In all, employment in about 20 segments of the economy is detailed.

But the July industry-by-industry figures estimate that 200,800 people were working in Washoe County 3,900 more than estimated in the labor force figures.

What gives? Along with the differences in the way that the figures are compiled, Shabi noted that the labor force figure is based on where people live.

The industry-by-industry figure, meanwhile, is based on where they work.

In a place where people commonly commute across county lines to go to work, differences aren't surprising.

Then, too, the figures don't account for people who hold more than one job.

They show up once in the labor force figure, but each of their jobs is counted separately in the industry-by-industry figures.

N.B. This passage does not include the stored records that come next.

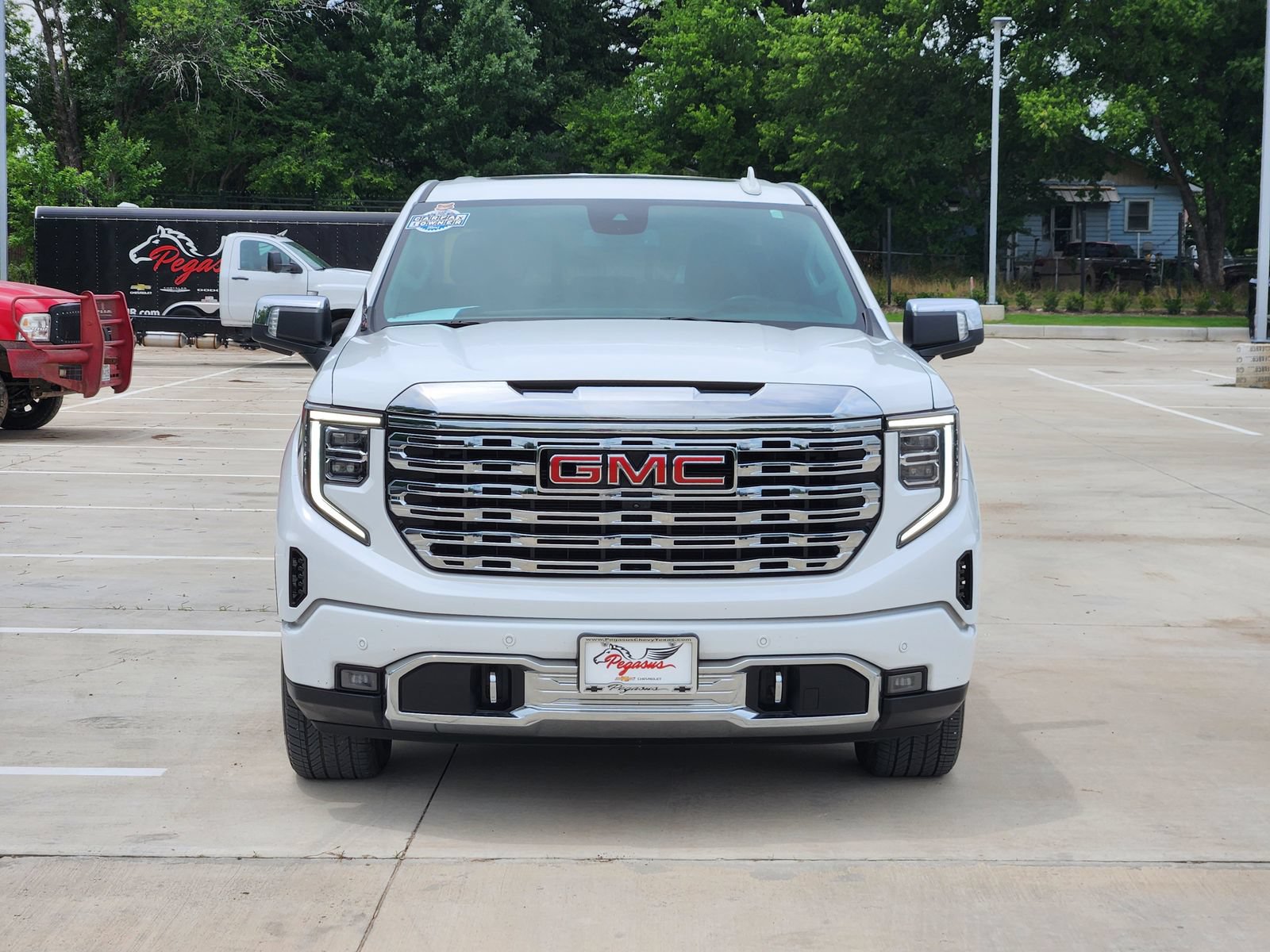 Used 2024 GMC Sierra 1500 Denali RWD image 6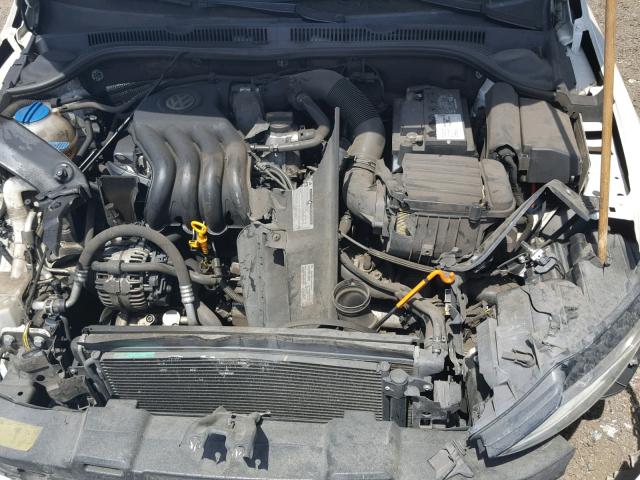 3VW2K7AJ9DM391054 - 2013 VOLKSWAGEN JETTA BASE 白色 照片 7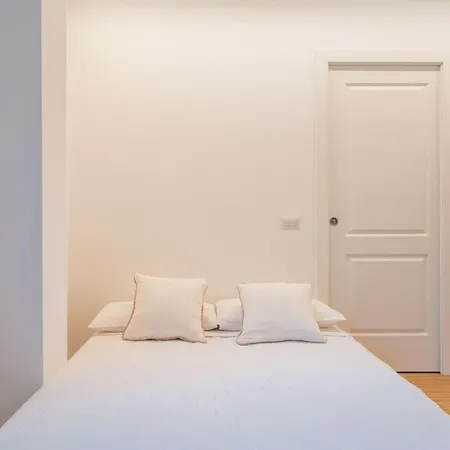 Apartment Chic In Nolo: Style And Comfort In *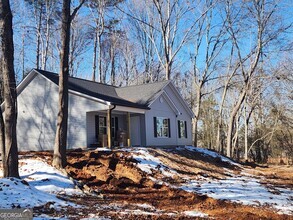 Building Photo - 54 Lumpkin Co Park Rd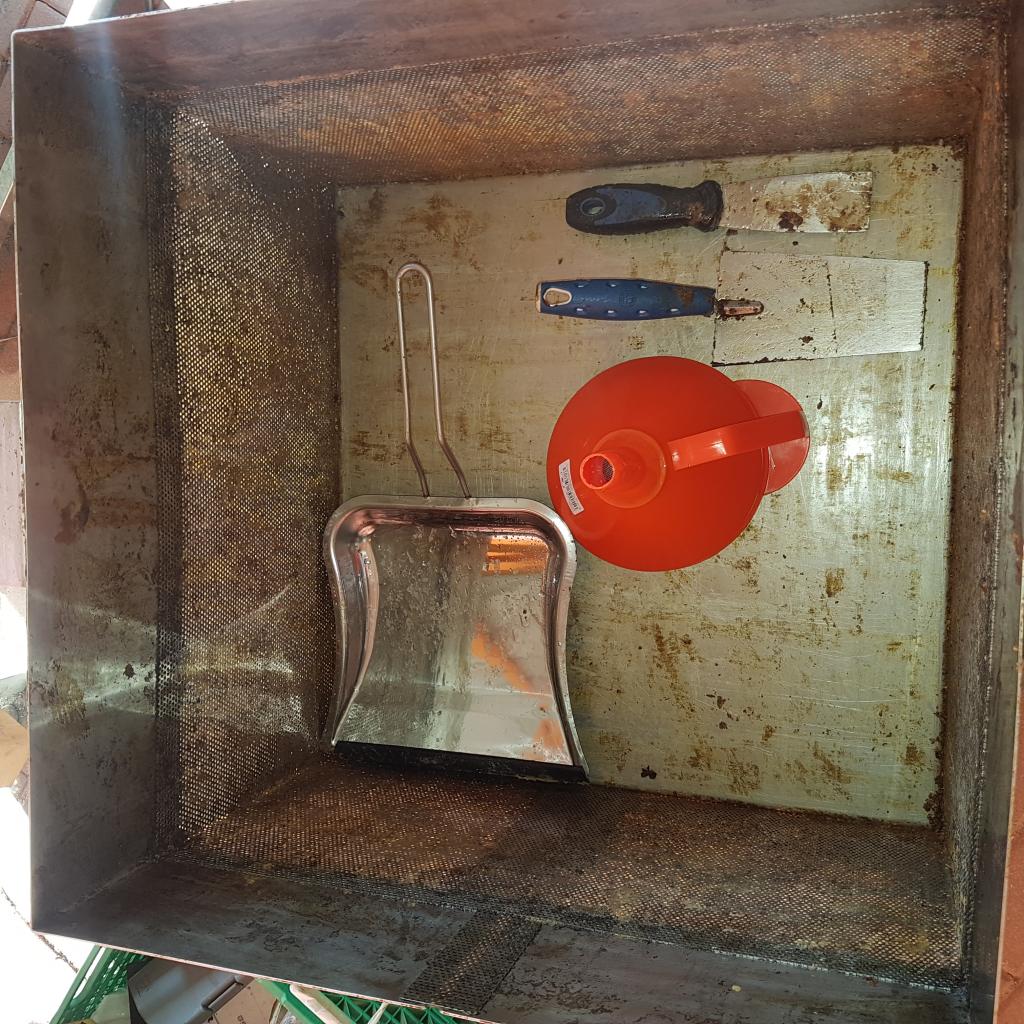 Eine Edelstahl-Müllschaufel hat sich noch besser als die Mauerkelle zum Leeren des Korbes bewährt. Ein Trichter mit Siebeinsatz schützt den Dampferzeuger beim Befüllen.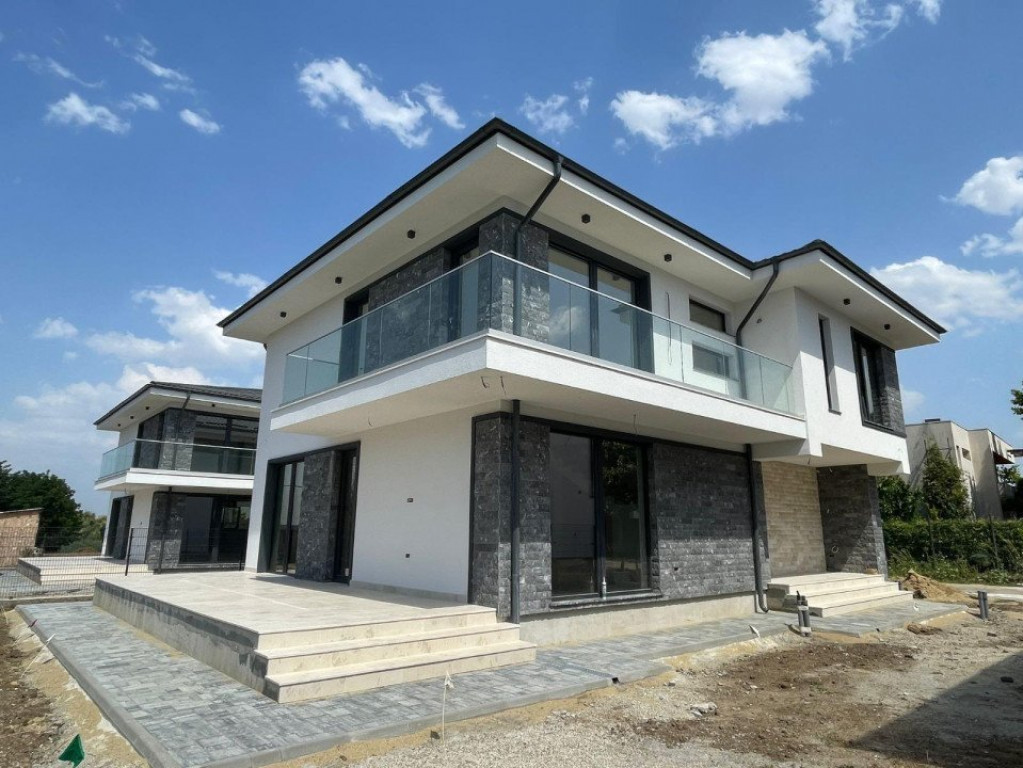 Vila Mediteraneana cu 5 camere, 198mp, zona Corbeanca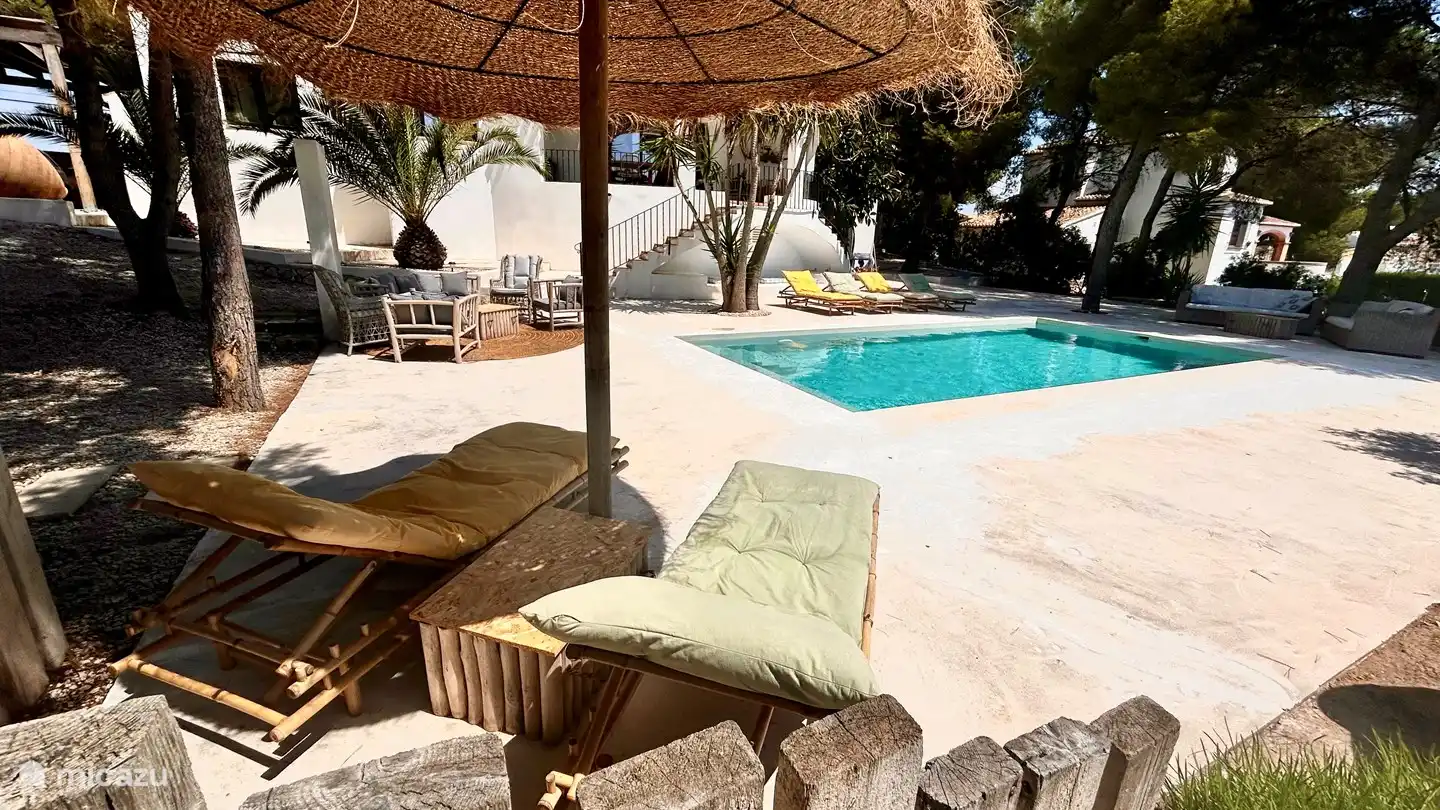 The nice swimming pool of 10 by 5 provides wonderful cooling! Is maintained twice a week in the summer, just like the garden with beautiful plants and flowers!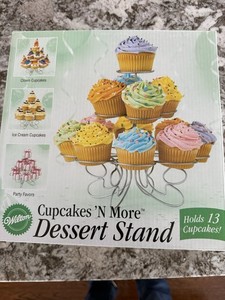 Wilton Cupcakes N More Dessert Stand Holds 13 Cupcakes Tiered Display Party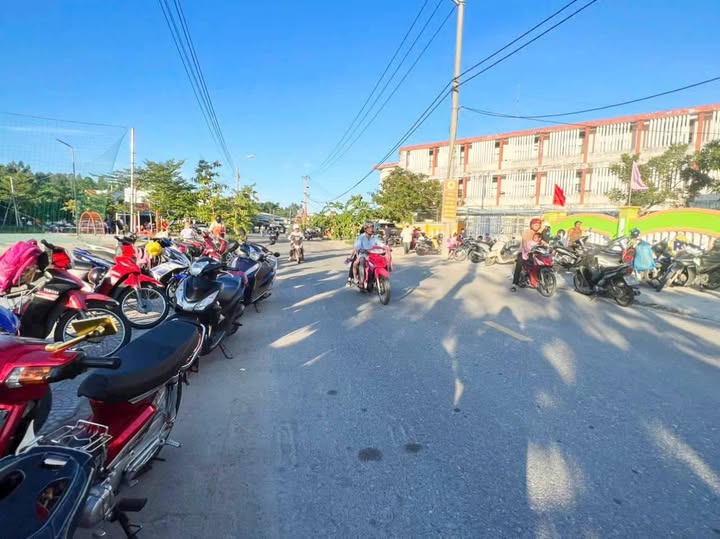 Đất Cẩm Lệ đường 4m xe tải bon bon, sổ đỏ sẵn sàng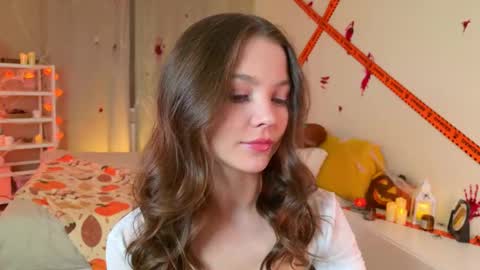Kaylee online show from November 2, 4:18 pm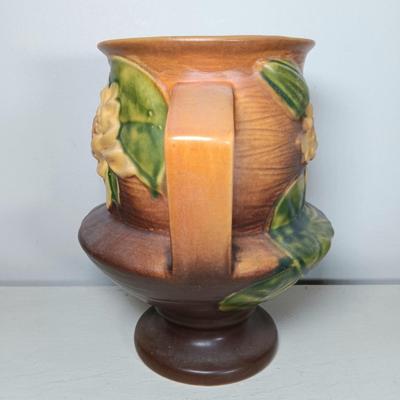 LOT 35: Roseville Pottery Water Lily Vase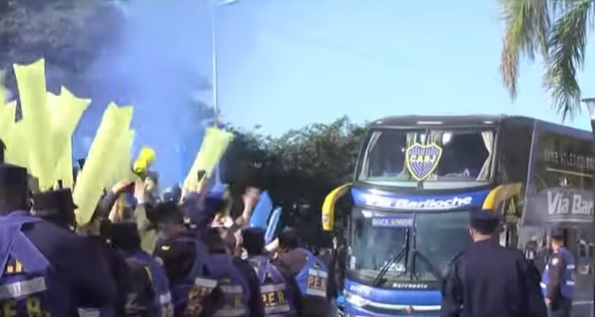 Boca está en la ciudad y revolucionó a sus hinchas paranaenses Boca está en la ciudad y revolucionó a sus hinchas paranaenses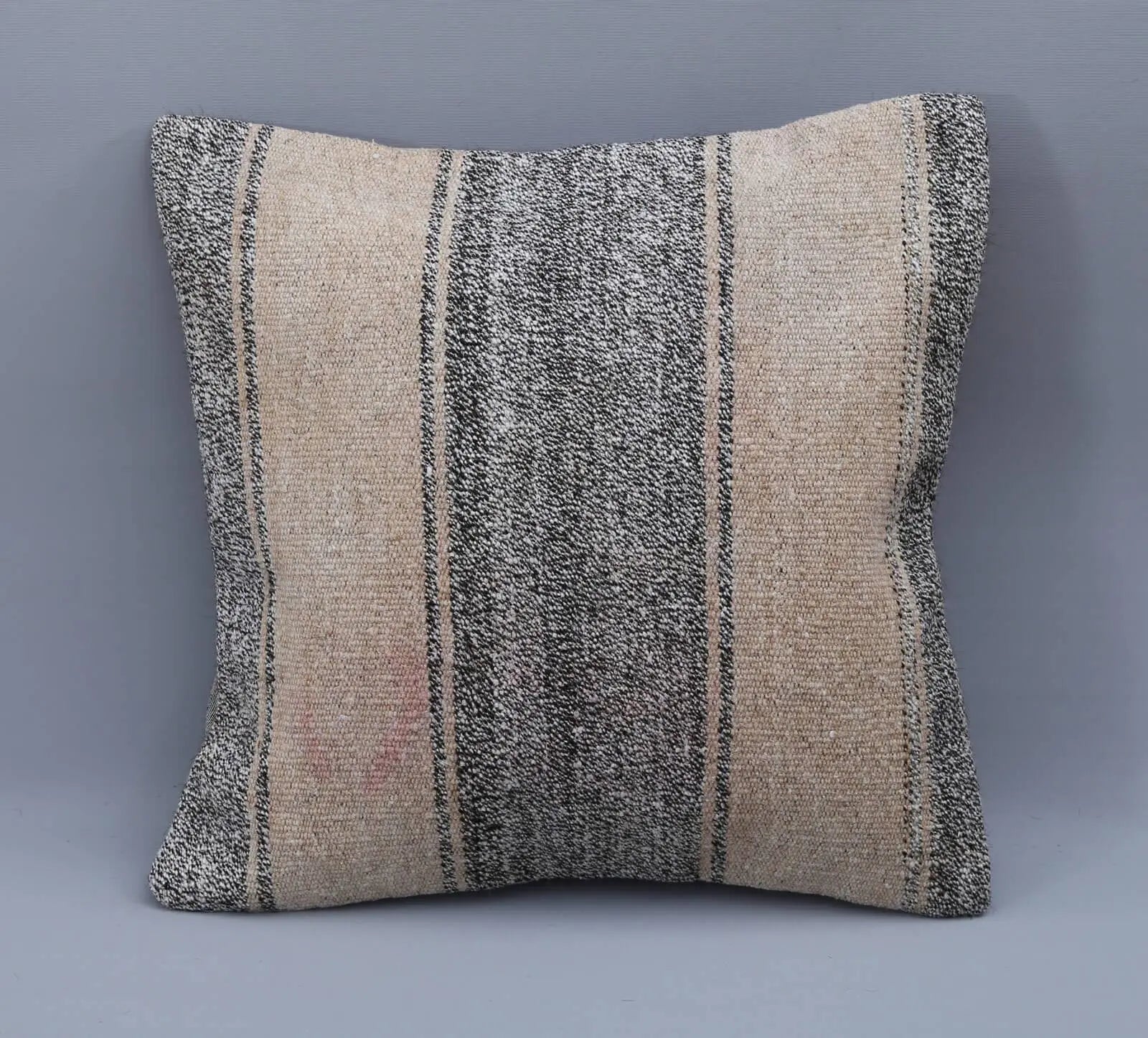 RC 27159 1 BEIGE PILLOWS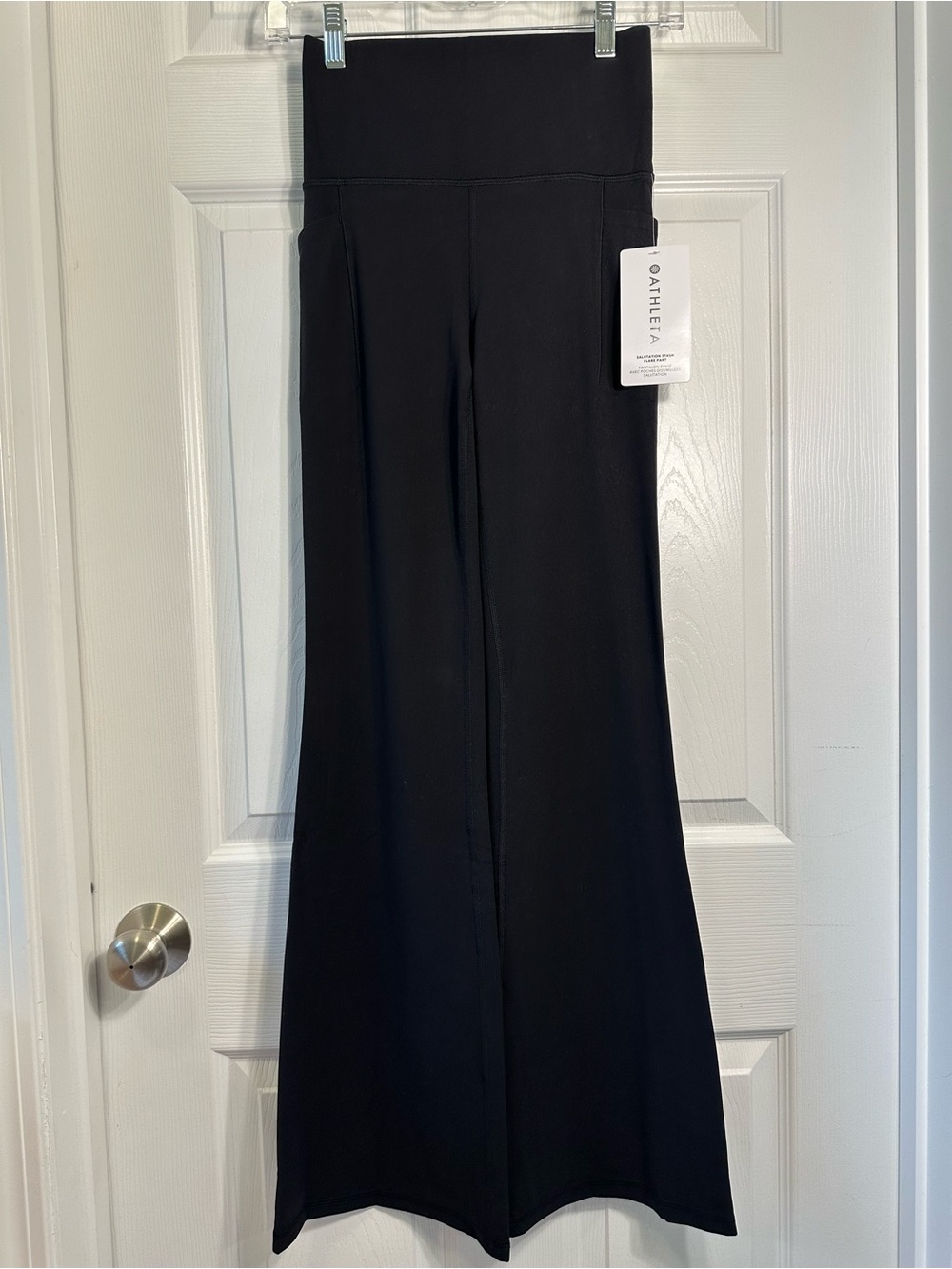 Athleta NWT Salutation Stash Black Flare Pants XS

Shabi cautioned, too, against placing too much stock in month-by-month variations in the figures.

(The Washoe County unemployment rate of 3.9 percent in August , for instance, compared with 4.2 percent in July.) If nothing else, the change in survey group every four months can result in a bump in the jobless rate.

Then, too, he said the survey techniques appear to be slow to record sharp turns in the economy such as the dramatic number of layoffs following the Sept.

11 attacks.

Today, he wonders if another turn in the economy has been reflected yet in the state's jobless numbers.

"I think we're getting faster growth than what we're catching in the surveys," he said.

The unemployment figures are updated, however, once the Department of Employment,Training and Rehabilitation gets unemployment insurance reports.

"That's the best data," Shabi said, because it includes job-by-job reports from about 90 percent of the state's employers.

Although the information so late that it doesn't provide much use to folks looking for current figures, it allows economists to revise the unemployment statistics used to make year-to-year comparisons.